This refers to the article “Constitution for inclusive policies,” (Sept. 29). As argued, there cannot be any constitutional bar on reservations for the minorities, especially when we consider the aim of our constitutional fathers to create a plural, inclusive society. When the Rajinder Sachar Committee has brought to light the social backwardness of Muslims, indicated by the daily income of 86 per cent of Muslims not exceeding Rs.20, and the Ranganath Mishra Commission has endorsed the necessity for reservation of 10 per cent, it is imperative for any sensitive government to implement this provision without any loss of time. At the same time, it needs to be emphasised that a provision for excluding the creamy layer has to be necessarily incorporated in the absence of which, the economically powerful in the Muslim community will exploit the same to corner most of the benefits, thus depriving the weaker sections of the same.
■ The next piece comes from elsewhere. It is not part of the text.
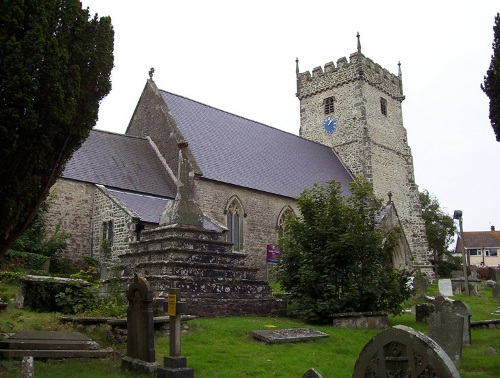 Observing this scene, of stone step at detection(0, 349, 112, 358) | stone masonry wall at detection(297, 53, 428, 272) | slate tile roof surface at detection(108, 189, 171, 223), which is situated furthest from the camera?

A provision for creating reservation on economic criteria is essential for those among the higher castes.

Kasim Sait,


The Constitution baulks at all kinds of discrimination. Exclusion from the fruits of development is a form of discrimination. Therefore, targeting Muslim beneficiaries under special social and economic packages is a legitimate tool of empowerment. But an across the board reservation regime without means-testing militates against natural justice as prosperous sections of the community do not need any doles from the government.
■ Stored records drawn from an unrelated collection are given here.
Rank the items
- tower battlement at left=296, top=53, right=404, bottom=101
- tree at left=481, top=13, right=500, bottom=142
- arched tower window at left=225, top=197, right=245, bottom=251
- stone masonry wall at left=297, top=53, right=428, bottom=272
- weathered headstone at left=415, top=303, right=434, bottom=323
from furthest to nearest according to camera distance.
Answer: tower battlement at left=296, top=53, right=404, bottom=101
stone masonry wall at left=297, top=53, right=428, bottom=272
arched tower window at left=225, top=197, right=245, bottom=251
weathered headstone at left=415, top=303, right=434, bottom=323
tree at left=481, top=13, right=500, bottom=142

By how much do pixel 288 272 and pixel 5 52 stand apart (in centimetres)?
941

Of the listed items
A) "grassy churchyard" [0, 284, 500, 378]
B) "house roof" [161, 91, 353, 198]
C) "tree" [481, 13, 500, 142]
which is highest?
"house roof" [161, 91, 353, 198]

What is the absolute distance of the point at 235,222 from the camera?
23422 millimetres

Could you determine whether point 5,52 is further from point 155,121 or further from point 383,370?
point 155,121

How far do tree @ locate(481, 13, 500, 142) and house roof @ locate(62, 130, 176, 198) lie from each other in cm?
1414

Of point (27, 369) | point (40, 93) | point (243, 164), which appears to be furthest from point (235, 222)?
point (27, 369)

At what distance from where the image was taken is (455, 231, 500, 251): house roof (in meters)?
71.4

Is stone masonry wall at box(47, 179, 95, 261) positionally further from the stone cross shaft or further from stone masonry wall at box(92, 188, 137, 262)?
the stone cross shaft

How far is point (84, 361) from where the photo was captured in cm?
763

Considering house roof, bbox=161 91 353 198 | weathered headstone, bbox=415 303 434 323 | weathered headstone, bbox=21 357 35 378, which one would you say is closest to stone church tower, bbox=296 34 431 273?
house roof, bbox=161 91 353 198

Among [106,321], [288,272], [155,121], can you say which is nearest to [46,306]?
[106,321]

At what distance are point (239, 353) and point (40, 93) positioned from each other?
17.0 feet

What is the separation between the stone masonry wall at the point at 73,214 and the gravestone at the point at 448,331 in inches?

Affirmative action is not a panacea for tackling backwardness as the existing dispensation has clearly demonstrated. It has benefited only a minority of the targeted communities. Reservation is inherently divisive, creates dependency on the government and stifles self-reliance. When entitlements acquire the nature of de facto fundamental rights, the beneficiaries come to be perceived as a favoured class, triggering an unintended form of reverse discrimination.

V.N. Mukundarajan,


The author is right in saying that the Constitution lists religion as one of the bases on which nobody should be discriminated against. However, I am at a loss to understand how religion can be the rationale for protective discrimination or even targeted public programmes. What we need is a policy to help the socially, economically and the educationally backward, irrespective of caste or religion. Poverty and deprivation are secular concepts and have no religious bearing. If somebody is discriminated against or not allowed to partake of the benefits of development in a society because he belongs to a particular religion then it should be treated as a legal problem, not as a religious one. Making religion as the ground for targeted interventions will go against the principle of secularism enshrined in the Constitution.